The magnetic discs and components of the present invention may have other magnetic areas that do not contribute to resisting rotation of the cage 1 relative to the base 2. For example the first magnetic disc may attached to the cage 1 via a magnetic connection. In an alternative embodiment, the axle may be attached to the base 2 via a removable magnetic connection. Magnetic connection may aid in the alignment of the components of the present invention without contributing to the resistive torque created to resist rotation of the cage 1.
In still another embodiment of the invention as shown in FIGS. 5-7, magnetic areas are located around the inner diameter of the support cap of the cage 1 and around the outer diameter of the axle such that the discs nest.
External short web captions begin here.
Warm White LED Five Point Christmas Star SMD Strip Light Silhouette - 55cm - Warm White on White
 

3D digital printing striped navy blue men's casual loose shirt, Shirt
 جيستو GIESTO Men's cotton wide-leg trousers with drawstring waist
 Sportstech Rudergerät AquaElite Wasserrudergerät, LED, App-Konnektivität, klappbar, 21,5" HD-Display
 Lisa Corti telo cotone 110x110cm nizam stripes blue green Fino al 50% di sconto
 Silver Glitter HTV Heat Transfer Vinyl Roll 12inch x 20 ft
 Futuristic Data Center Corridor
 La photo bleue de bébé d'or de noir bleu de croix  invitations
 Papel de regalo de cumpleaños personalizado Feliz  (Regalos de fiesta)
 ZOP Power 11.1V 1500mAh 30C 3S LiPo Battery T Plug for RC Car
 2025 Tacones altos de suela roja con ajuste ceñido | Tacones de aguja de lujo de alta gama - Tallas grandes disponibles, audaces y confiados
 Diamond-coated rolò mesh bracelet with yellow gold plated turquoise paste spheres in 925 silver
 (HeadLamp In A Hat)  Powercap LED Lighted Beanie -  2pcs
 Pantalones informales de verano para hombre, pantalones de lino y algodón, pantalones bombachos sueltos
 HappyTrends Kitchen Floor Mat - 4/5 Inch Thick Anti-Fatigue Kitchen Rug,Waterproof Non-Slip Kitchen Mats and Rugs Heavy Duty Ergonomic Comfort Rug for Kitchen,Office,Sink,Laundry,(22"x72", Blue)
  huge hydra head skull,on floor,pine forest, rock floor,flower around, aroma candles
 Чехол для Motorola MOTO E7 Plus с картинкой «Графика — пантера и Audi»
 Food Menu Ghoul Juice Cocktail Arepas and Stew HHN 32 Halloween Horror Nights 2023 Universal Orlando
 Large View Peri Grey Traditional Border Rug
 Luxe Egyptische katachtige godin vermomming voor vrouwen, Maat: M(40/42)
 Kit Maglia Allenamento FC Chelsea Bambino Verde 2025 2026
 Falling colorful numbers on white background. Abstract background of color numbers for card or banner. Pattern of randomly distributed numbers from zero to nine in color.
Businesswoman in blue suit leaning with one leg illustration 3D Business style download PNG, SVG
In such an embodiment alternating north and south magnetic poles are positioned around the outer diameter and inner diameters of the discs respectfully such that the alternating opposite poles are attracted to each other and resist free rotation of the cage 1. Nesting can be partial or complete. In yet another embodiment, the magnetic areas are located about the outer diameter of the support cap of the cage 1 and about an inner diameter of an annular disc attached to the axle or base 2. As above, in such an arrangement the magnetic discs would nest or partially nest.
One of skill in the art will recognize that the distance between the first magnetic disc and the second magnetic disc will affect the resistive force as the alternating north magnetic pole is attracted to the corresponding south magnetic pole and so on. In one embodiment, the gap between the first magnet disc and the second magnet disc is fixed. In another embodiment, the gap between the two magnetic discs is variable. In such an embodiment, the gap maybe adjusted by rotating a threaded member against one of the discs to move it closer or farther from the other disc. In still another embodiment, the gap between the magnetic discs maybe selectable by choosing a different spacer based upon the material to be dispensed or simply the desired resistive torque on the cage 1.
In an alternative embodiment, the magnetic resistance mechanism 3 is not in the form of a disc, but it consists of networks of alternating magnetic north pole and magnetic south pole areas that create a controlled magnetic circuit to create a resistive torque to rotation of the cage 1. For example, a single length of alternating north and south pole magnetic areas along the cage 1 and a single length of alternating north and south pole magnetic areas along the base 2 may resist rotation of the cage 1 until the attractive force of between the opposite pole is broken and the resistive force of the magnetics areas caused by proximity of similar magnetic poles allows movement until the attractive force resists movement again.
The resistive force created by alternating opposite polarity magnetic areas creates a resistive torque on the cage 1 to permit a user to tear a portion of the roll of material without the roll unraveling. The present invention may work with rolls that have perforated sheets at regular intervals or with rolls that are not segregated. It will be appreciated by on of skill in the art that the magnetic disc associated with the rotating cage 1 and the magnetic disc stationary with the axle and base 2 may be arrange in various ways as long as the alternating north magnetic pole of one disc can communicate with the south magnetic pole of the other disc to create an attractive force between the opposite magnetic poles and a resistive torque to rotation of the cage 1 and in turn the roll of material.
The embodiments described are intended as exemplary for a roll holder and dispenser. It will be appreciated by those skilled in the art that the present invention is not limited for dispensing any particular material and may be employed for dispensing products for household use or commercial use.
Although embodiments of the present invention have been shown in the drawings, it will be understood that the invention is not limited to the embodiments disclosed, but is capable of numerous rearrangements, modifications and substitutions without departing from the spirit of the invention as set forth and defined by the claims.

Claims

1. A dispenser of a roll of material comprising:

a base;

a roll holder rotatablely coupled to the base for holding the roll of material; and

a magnetic resistance mechanism disposed between the roll holder and the base, the magnetic resistance mechanism having a magnetic area fixedly coupled to the base and a magnetic area fixedly coupled to the roll holder, wherein as the roll holder rotates relative to the base, the magnetic forces between magnetic area coupled to the base and the magnetic area coupled to the roll holder create a magnetic resistance force that resists rotation of the axle.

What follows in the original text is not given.